スピルバーグは脱帽するほど映画作りがうまく、カメラワーク一つで観客の視点や感じ方まで誘導できてしまう。一方でそれは観客の「考える自由」を奪っているのでは。裁判所を出たグラハムの周りを女性たちが取り囲む演出には、わざとらしさを感じました。
この映画は政府とメディアだけでなく、政府と市民との関係がどうあるべきかを間いかけている。我々一人一人が行動しないと今の世の中は変わらない。

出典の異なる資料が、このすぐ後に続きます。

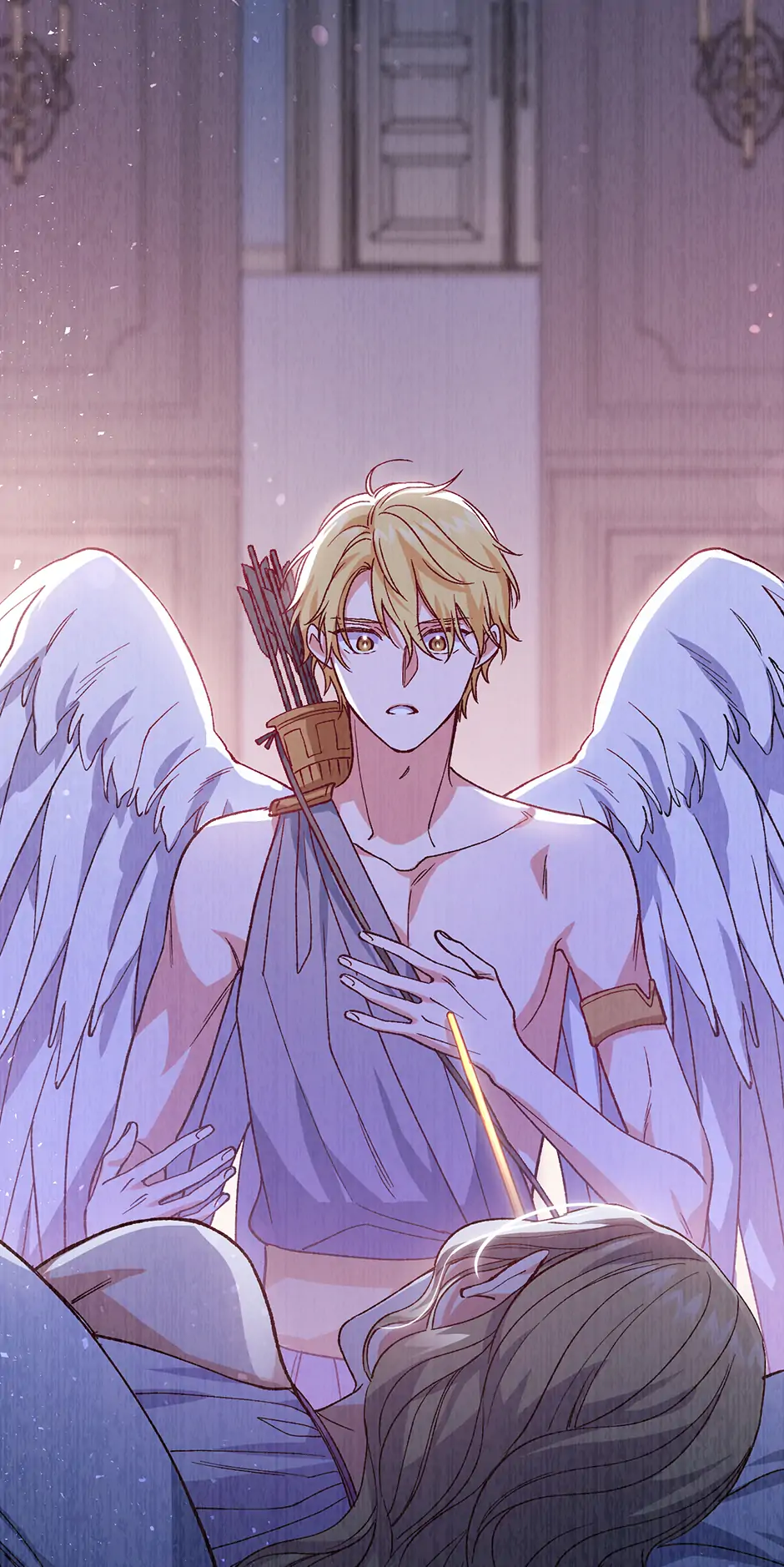 Constellations of the Gods [Official] Chapter 4 - Page 49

だからこそ今作はヒーローたちの活躍をドラマ仕立てにするのではなく、決して完壁ではなかったブラッドリーの人間臭さや、ワシントン・ポストに機密文書を持ち込んだヒッピー風の女性の素性など「普通の人たち」の内面をもう少し描いてみせてほしかった。(朝日2018/4/16)
————-
朝日に「ペンタゴンペーパーズ」のレビューがあった。三氏の論評の中で、上に引用した部分に強い印象を受けた。確かに、「ペンタゴン–」には感動を覚え、観劇後は一種爽快で前向きな意欲を湧き起こさせる。しかし、それで終わりなのだ。あとに残らない。これは、「ジュラシック–」シリーズの恐怖が観劇後きれいさっぱり跡かたなく霧消するのと同じだ。「ペンタゴン–」はやはり、1971年のアメリカ物語なのだ。あの時代を体験していない青年と一緒に映画を観た。彼にはまったくちんぷんかんぷんだったのではないかと思う。ペンタゴンもベトナムもアイゼンハワーからケネディジョンソンそしてニクソンも、さらには会話で出てくるジャッキーとは誰か、へたするとタイムズもポストも「知らない」ならばどうだろう。その説明もない「当時を知る」ことを前提とする映画であったのだから。だけではない。これはトランプ大統領という「存在自体がブラックジョーク」に過ぎない時代への現在的危機感から制作されたものとすぐに分かる作品なのだが、ならばこの現状にどう対抗し、時代をどう読んで、どう動くか、についての解答は描かれない。解答がないのは当たり前だ。問題なのは、解答がないのにまるで物事が解決したかのような観劇後のスッキリ感が問題なのである。現にトランプは民主的手続きを経て正統な大統領として君臨しているのである。そしてヨーロッパもファシストが次々にいまや政権奪取という勢いだ。そして日本は歴史改竄主義に代表される国家の総劣化が国ぐるみで深刻な様相を呈して久しい。これにどう向かえばよいのか。暗澹たる中に置かれたままである。だからなのだ。「ペンタゴン–」はよい。しかし、もっと現在は深刻である。当時としての思い方動き方を提示された。現在はどうだ。この問いがそこに残ったままなのである。観劇後、すっきりした気分になってぼやぼやしてはおれないからだ。スピルバーグの美しさが、現在は弱点であるのかもしれない。この論評はそれをまさにすっきりと教えてくれた。